---------- Supplied records
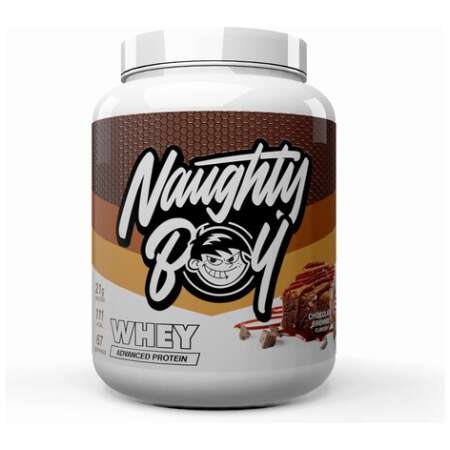 Naughty Boy Advanced Whey, Chocolate Brownie - 2010g
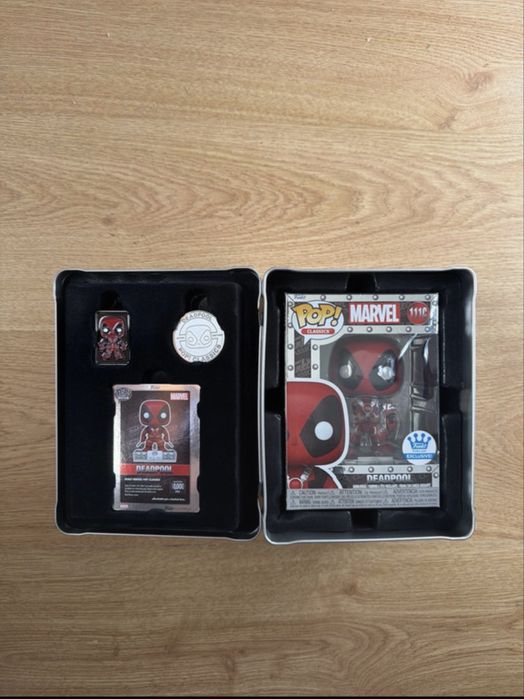 Funko Pop! Classics Deadpool 111C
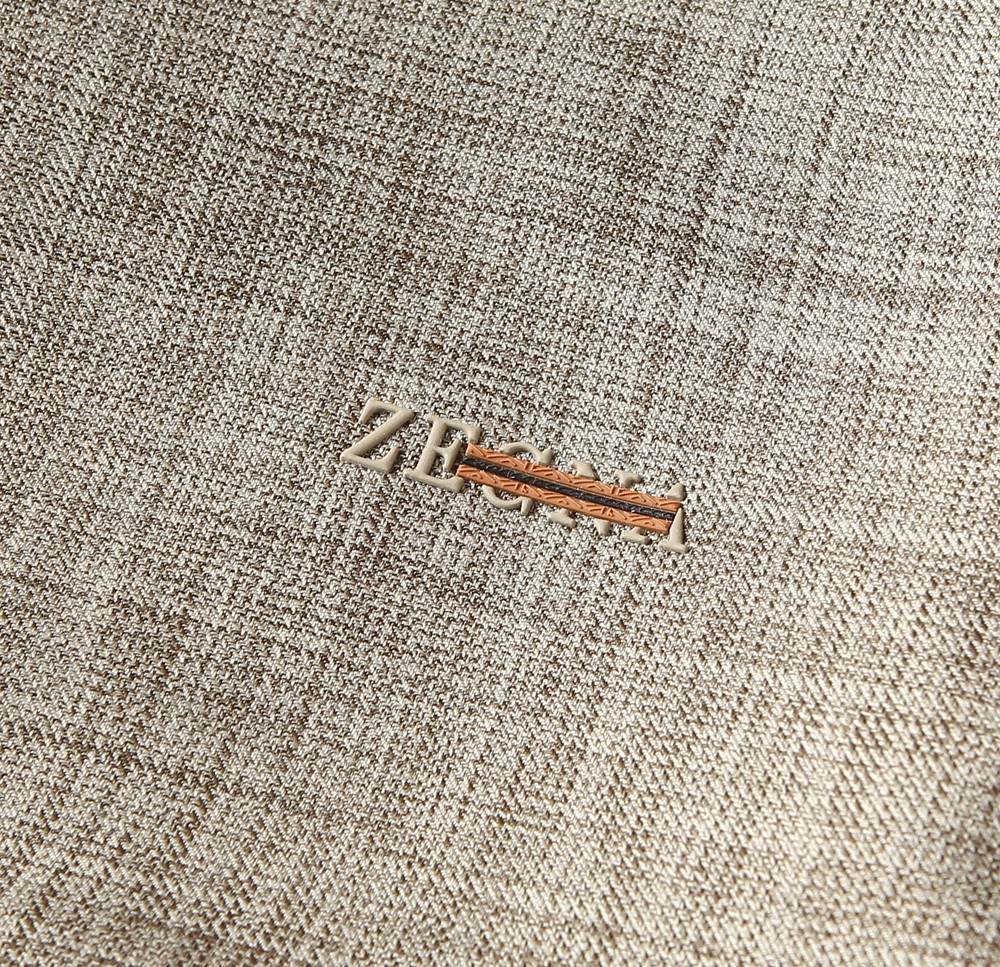 🌾杰尼亚2026早春新款男士亚麻夹克外套，众多明星都爱穿的时尚百搭单品！喜欢经典简约的朋友,一定不能错过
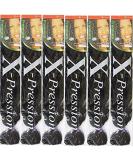 X-pression Ultra Braid 6 Pack #1B - Best Quality Synthetic Hair Extensions - Buy Online on SooperMarket.com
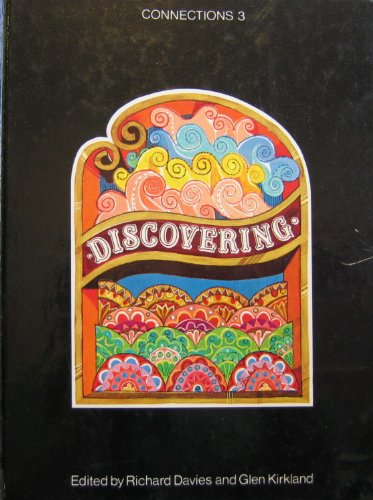 Stock image for Connections 3: Discovering for sale by Better World Books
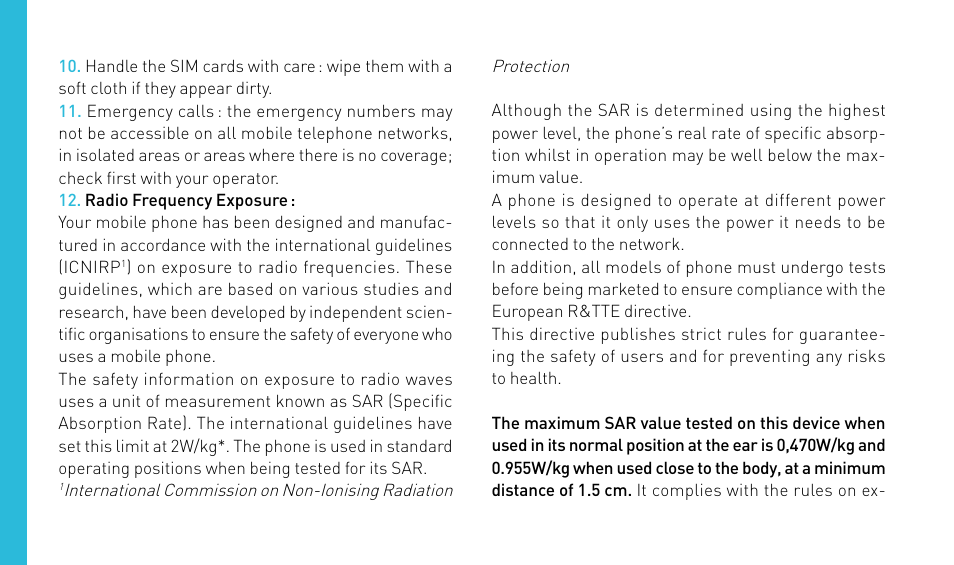 Wiko RAINBOW User Manual | Page 44 / 194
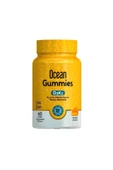 Ocean Gummies D3K2 60 Çiğnenebilir Jel Form 8697595874097 - 1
--------------------
**Task statement:**
Repeat the listing word for word, omitting the pictures.

**Task answer:**
 Naughty Boy Advanced Whey, Chocolate Brownie - 2010g
 Funko Pop! Classics Deadpool 111C
 🌾杰尼亚2026早春新款男士亚麻夹克外套，众多明星都爱穿的时尚百搭单品！喜欢经典简约的朋友,一定不能错过
 X-pression Ultra Braid 6 Pack #1B - Best Quality Synthetic Hair Extensions - Buy Online on SooperMarket.com
 Stock image for Connections 3: Discovering for sale by Better World Books
 Wiko RAINBOW User Manual | Page 44 / 194
 Ocean Gummies D3K2 60 Çiğnenebilir Jel Form 8697595874097 - 1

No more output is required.